Facades have to first of all separate the insides of the building from the outside. The traditional facade is also called a passive facade when there are the only additions are modern tools. Active facades, on the other hand, can have a lot more to offer.
 

Passive facades

A passive wall serves as a barrier against moisture, wind, rain, cold and warmth, noise, vermin and unwanted visitors.
Of course, the passive facade is also used as an invitation card for the building. The facade and the materials that are chosen determine the appearance. These materials are often chosen in other ways than for homes.
 

Active facades

The active facades mostly have an extra layer.  These are often of glass, which, thanks to specific features, adds extra protection and can add to the appearance.
 

Skin facade, atrium and facade climate

The cavity between the facade and glass is usually directly connected to the outdoors. When it comes to a wide cavity, we speak of a second skin facade. When it comes to an extra wide skin facade, we speak of an atrium.
When multiple layers of glass are placed on a small cavity that is not in contact with the outside, we then speak of a climate facade.

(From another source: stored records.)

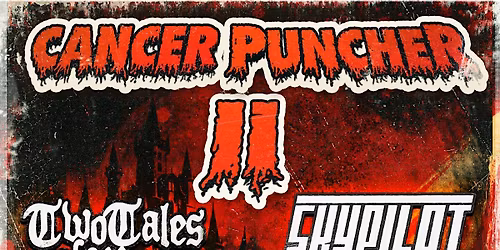 Cancer Puncher II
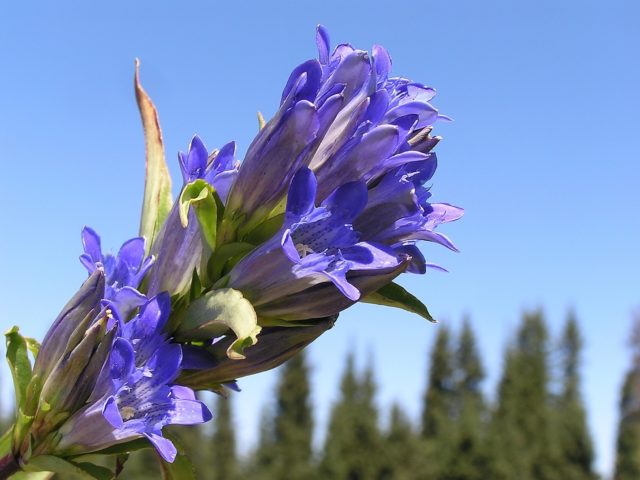 Gentian: planting and care in the open field, types and varieties with photos, application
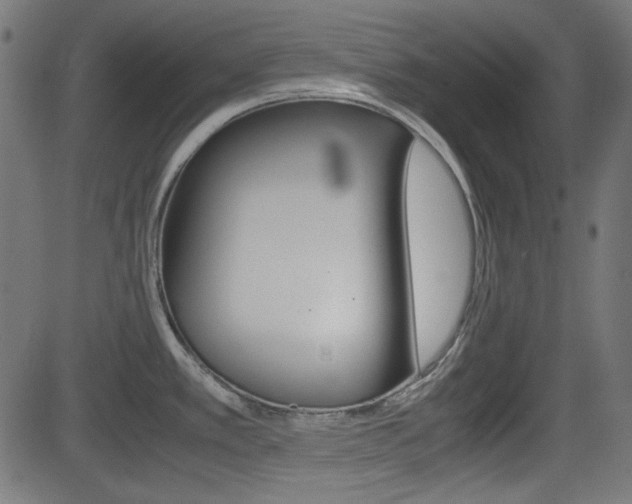X0000082991389200702011133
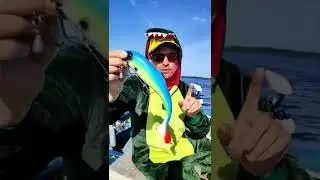 приманка на окуня
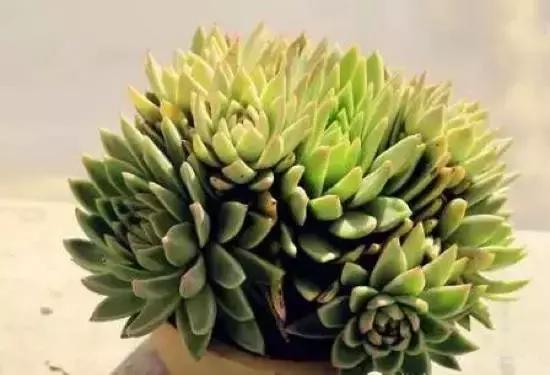 270种常见多肉图谱,270种常见多肉盆景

Added features of glass facades

The glass that is added to the facade can have the following features:

  • Isolation glazing for extra climate control. Both the temperature and UV radiation can be protected against. More about these glass features can be found under Insulation glass.
  • Decorative glass gives you a unique and contemporary look. Anti-reflective glass, mirrored glass, acidified glass or glass that comes with a decorative element.
  • Curved glass; with the use of heating, the glass can be curved in different decorative and functional forms. More information can be found at Bent glass.
  • Safety glass; glass reinforced by film layers, heating and gluing. Discover the possibilities in the category Safety glass

A second skin facade is increasingly applied in the UK. In the housing sector this is manifested in such examples as conservatories and glazed balconies.
This facade is becoming more popular with residential construction, despite the high costs and space. A second-skin facade has many advantages. In the first place, it increases comfort and simultaneously reduces the cooling load in the summer and the heat load in winter. The second skin also limits the wind load on the facade. This makes it possible to apply solar shading at high altitudes and use natural ventilation (with open windows). The second skin can have a noise dampening function and protects the facade, which leads to less maintenance. On top of that, it is possible to enlarge the usage space; think of the conservatories of homes and the atriums of large office buildings. Climate facades have isolation glass on the outside. Heat from the air ventilation is used to recover warmth thanks to continuous mechanical ventilation. A second skin facade has single glazing. In the facade behind the second skin, neutrally colored glass can be applied. It depends on the function of the second skin whether or not a neutrally colored isolation glass is used. If solar heat is to be utilized, as is often the case with housing, then HR++ glass can be applied with a solar factor (SF) of 60%. When warmth must be kept out, for example in offices with a high internal heat load, then it may be better to use a glass type with a lower SF-value.